**ACTIVITY**:
Go to the line that contains "Philips LCD tv", then write out that line and all that follow to the end of the listing, exactly and without pictures.

**PROVIDED DATA**:
——
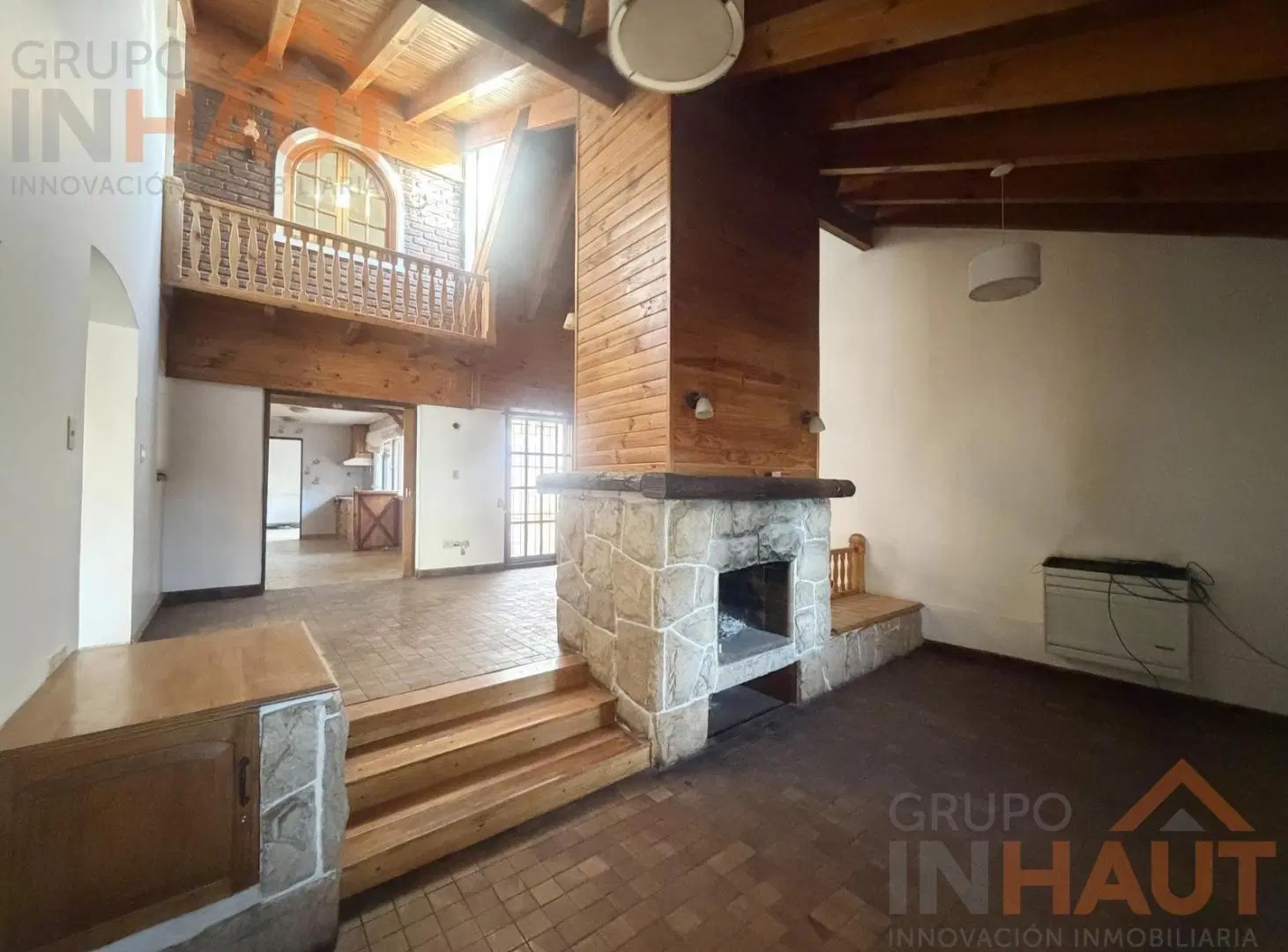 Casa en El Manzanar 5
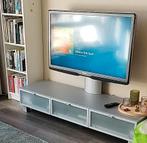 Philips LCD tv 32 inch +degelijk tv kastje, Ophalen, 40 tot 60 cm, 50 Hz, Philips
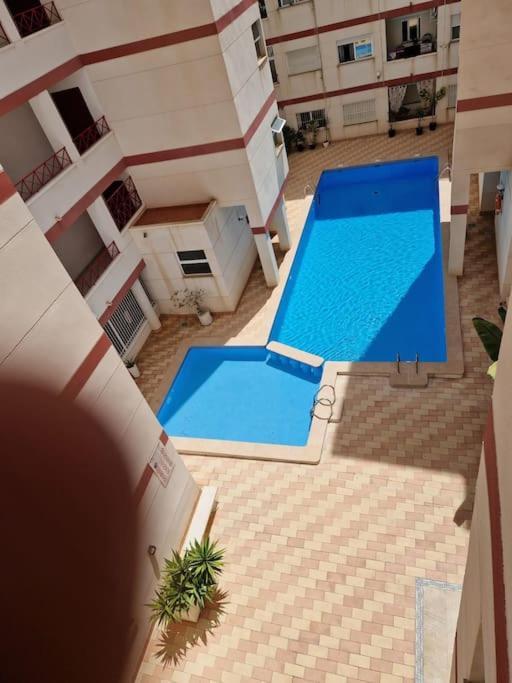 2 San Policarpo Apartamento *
——
**TASK RESPONSE**:
 Philips LCD tv 32 inch +degelijk tv kastje, Ophalen, 40 tot 60 cm, 50 Hz, Philips
 2 San Policarpo Apartamento *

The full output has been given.